Ia menjelaskan, keempat tersangka akan diperiksa terkait kasus penghapusan red notice Djoko Tjandra. Penyidik juga diketahui telah menggelar rekonstruksi kasus tersebut.

“(Pemeriksaan) pukul 10.00 WIB,” kata Awi.

Seperti diketahui, Penyidik Direktorat Tindak Pidana Korupsi (Dirtipikor) Mabes Polri menggelar rekonstruksi kasus dugaan suap dan gratifikasi terkait penghapusan red notice Djoko Tjandra.

Rekonstruksi dilakukan di lobi Gedung TNCC Mabes Polri dan Kantor Divhubinter, Kamis 27 Agustus 2020.

“Terkait perkembangan kasus red notice Djoko Soegiarto Tjandra (JST) pada pagi ini sampai sore pukul 16.00 WIB penyidik melakukan rekontruksi,” ujar Awi.

Awi mengatakan, rekonstruksi melibatkan tiga orang tersangka.

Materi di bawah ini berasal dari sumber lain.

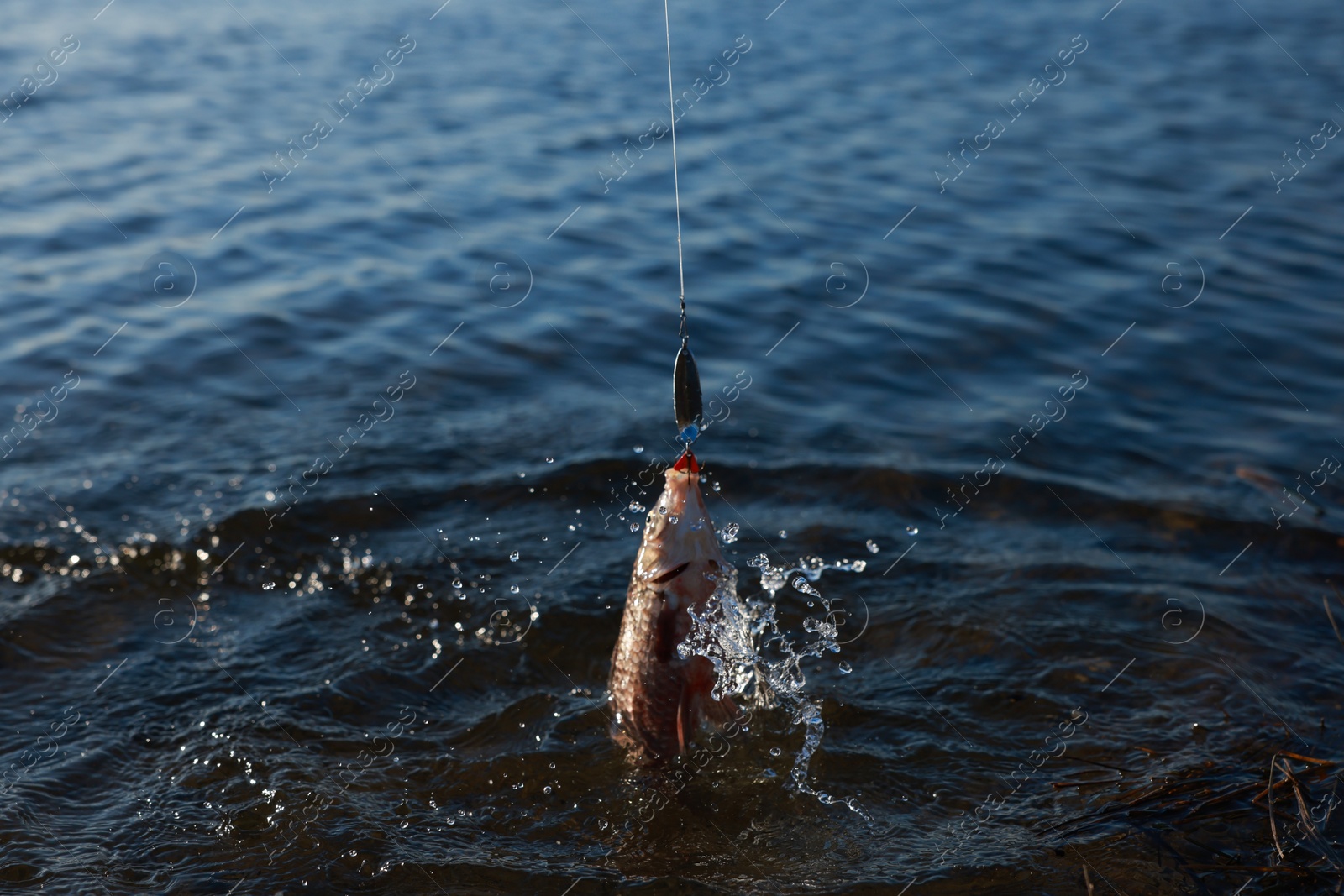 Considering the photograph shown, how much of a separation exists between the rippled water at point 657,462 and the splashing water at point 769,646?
9 centimetres

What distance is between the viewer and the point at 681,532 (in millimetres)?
4484

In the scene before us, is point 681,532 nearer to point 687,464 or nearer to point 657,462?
point 687,464

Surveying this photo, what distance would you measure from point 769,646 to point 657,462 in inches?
76.3

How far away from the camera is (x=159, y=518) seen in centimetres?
704

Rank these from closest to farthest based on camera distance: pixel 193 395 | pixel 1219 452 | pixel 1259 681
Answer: pixel 1259 681 → pixel 1219 452 → pixel 193 395

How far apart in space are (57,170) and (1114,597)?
1164cm

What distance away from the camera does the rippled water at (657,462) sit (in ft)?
16.4

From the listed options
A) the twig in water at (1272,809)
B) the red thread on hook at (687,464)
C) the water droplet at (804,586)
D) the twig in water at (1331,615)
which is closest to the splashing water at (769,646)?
the water droplet at (804,586)

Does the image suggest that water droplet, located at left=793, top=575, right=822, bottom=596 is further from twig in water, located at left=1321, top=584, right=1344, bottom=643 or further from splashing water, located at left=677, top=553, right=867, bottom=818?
twig in water, located at left=1321, top=584, right=1344, bottom=643

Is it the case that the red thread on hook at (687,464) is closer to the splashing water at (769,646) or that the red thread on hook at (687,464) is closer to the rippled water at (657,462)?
the splashing water at (769,646)

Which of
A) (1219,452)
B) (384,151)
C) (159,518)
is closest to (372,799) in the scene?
(159,518)

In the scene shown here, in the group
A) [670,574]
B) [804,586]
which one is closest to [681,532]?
[670,574]

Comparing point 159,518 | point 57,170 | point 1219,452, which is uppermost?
point 57,170

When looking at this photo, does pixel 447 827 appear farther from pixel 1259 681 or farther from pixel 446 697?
pixel 1259 681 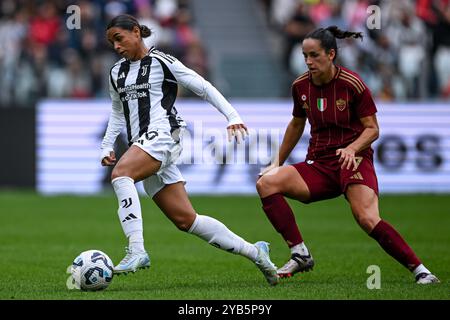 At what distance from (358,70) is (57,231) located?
796 centimetres

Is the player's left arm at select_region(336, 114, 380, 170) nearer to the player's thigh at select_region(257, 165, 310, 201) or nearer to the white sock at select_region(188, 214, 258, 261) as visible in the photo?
the player's thigh at select_region(257, 165, 310, 201)

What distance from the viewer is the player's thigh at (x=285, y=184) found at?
29.4 feet

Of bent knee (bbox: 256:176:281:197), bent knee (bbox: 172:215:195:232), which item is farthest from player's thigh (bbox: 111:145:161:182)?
bent knee (bbox: 256:176:281:197)

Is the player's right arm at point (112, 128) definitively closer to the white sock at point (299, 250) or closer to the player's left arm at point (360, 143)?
the white sock at point (299, 250)

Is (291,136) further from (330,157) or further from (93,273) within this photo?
(93,273)

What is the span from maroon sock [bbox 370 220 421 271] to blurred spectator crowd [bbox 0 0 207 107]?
1117 centimetres

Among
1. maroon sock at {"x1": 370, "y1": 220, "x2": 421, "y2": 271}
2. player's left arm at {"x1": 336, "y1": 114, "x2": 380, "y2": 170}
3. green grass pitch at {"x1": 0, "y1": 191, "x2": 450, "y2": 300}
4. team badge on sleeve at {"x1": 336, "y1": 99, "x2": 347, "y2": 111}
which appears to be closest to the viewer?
green grass pitch at {"x1": 0, "y1": 191, "x2": 450, "y2": 300}

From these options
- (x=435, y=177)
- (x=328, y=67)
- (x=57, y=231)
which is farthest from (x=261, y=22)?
(x=328, y=67)

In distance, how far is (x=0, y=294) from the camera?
8039 mm

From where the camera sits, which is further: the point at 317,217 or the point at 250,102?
the point at 250,102

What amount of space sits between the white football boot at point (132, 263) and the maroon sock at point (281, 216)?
52.1 inches

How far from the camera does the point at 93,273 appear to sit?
8.21 meters

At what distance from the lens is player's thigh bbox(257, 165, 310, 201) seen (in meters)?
8.97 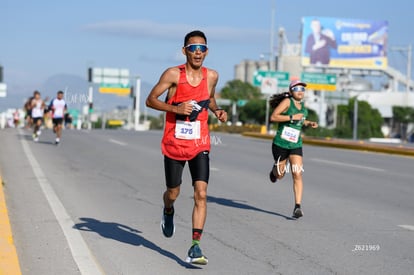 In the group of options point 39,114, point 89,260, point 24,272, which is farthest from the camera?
point 39,114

Salah satunya eks Kadiv Hubinter Irjen Napoleon Bonaparte, serta lima orang saksi.

“Mereka hadir di rekontruksi,” ucap dia.

Penasihat Hukum Irjen Pol Napoleon Bonaparte, Putri Maya Rumanti mengatakan terdapat ketegangan dalam kegiatan rekonstruksi dan gelar perkara kasus tersebut.

“Sudah digelar dengan lancar meskipun ada sedikit emosi tadi, ya. Agak meluap sedikit, tetapi semua bisa terkendali dengan baik,” lanjut Putri.

Ia menambahkan, rekonstruksi tersebut digelar berdasar dari rekaman CCTV di lantai satu gedung TNCC Bareskrim. Putri juga membantah keterlibatan kliennya dalam kasus Djoko Tjandra.

“Semuanya tidak ada kaitannya dengan Jenderal Napoleon Bonaparte. Itu yang harus saya tegaskan di sini,” tegasnya.

Bareskrim telah menetapkan Djoko Tjandra sebagai tersangka kasus dugaan suap pengurusan penghapusan red notice Djoko Tjandra.

Penyidik juga menetapkan Tommy Sumardi, Brigjen Pol Prasetijo Utomo, dan Irjen Pol Napoleon Bonaparte sebagai berstatus tersangka.

Djoko Tjandra dan Tommy Sumardi diduga berperan sebagai pemberi suap, sedangkan Brigjen Prasetijo dan Irjen Napoleon menjadi penerima suap.